Effektiv kommt es jedoch nur bei ca. 3 Prozent aller Futures-Kontrakte zu einer physischen Lieferung; demnach werden rund 97 Prozent durch das Eingehen einer Gegenposition glattgestellt. Bei Ablauf der Kontraktlaufzeit eines Futures widerspiegelt dieser den Kassakurs (Barpreis) eines Rohstoffes. Diese Gleichstellung mit dem Barpreis bei Auslauf macht eine effektive Absicherung mit Futures gegen eine gegenläufige Preisentwicklung erst möglich. Die Gleichstellung am Ende der Laufzeit mit dem Barpreis erfolgt deshalb, weil auch nur minimale Preisunterschiede sofort ausgenützt würden.

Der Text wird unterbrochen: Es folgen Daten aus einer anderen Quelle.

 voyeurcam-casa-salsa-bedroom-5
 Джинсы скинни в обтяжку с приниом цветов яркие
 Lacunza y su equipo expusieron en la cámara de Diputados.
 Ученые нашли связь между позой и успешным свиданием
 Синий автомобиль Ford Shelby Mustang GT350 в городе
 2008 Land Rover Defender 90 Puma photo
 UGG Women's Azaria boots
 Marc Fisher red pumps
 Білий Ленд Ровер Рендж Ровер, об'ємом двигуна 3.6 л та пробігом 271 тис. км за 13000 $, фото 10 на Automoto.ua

Es gibt zwei Hauptgruppen von Futures, die Financial Futures einerseits und die Non-Financial oder Rohstoff-Futures (Commodity) andererseits. Den Financial Futures liegen als Basiswerte Finanz-instrumente zugrunde und sie können dementsprechend in Zins-, Devisen- und Aktien-Futures unterteilt werden. Commodity Futures basieren auf vielfältigen realen physischen Gütern wie z.B. Rohöl, Metallen oder landwirtschaftlichen Produkten. Die InterPenn Capital AG handelt fast ausschliesslich mit Commodity Futures. Rohstoff-Futures verpflichten in der Regel am Ende der Laufzeit zur physischen Lieferung (Short Position) resp. zum Bezug des Basiswerts (Long Position).


Effektiv kommt es jedoch nur bei ca.
3 Prozent aller Futures-Kontrakte
zu einer physischen Lieferung.


Hauptsächlich gibt es zwei Gründe für die hohe Prozentzahl glattgestellter Futures vor dem physischen Settlement. Einerseits ist ein physischer Handel kompliziert, da – abgesehen von Edelmetallen – bei den meisten Rohstoffen die Kosten für Transport und Lagerung unverhältnismässig hoch sind. Ausserdem sind viele Agrarrohstoffe verderblich und erfordern eine ununterbrochene Kühlung. Um dennoch von Preisentwicklungen jeweiliger Rohstoffe profitieren zu können, beschränkt sich der Handel innerhalb der Investmentwelt fast ausschliesslich auf den Futures-Handel an den internationalen Terminbörsen. Andererseits wird auch von Hedgern wie z.B. Produzenten der finanzielle Ausgleich und damit eine Glattstellung bevorzugt, weil die von der Börse vorgegebenen Lieferorte suboptimal wären oder weil auch der Basiswert nicht exakt dem vom Hedger abgesicherten Produkt entspricht. Deshalb wäre die Aussage, dass fast 97 Prozent aller Marktpositionen auf Spekulation beruhen, falsch.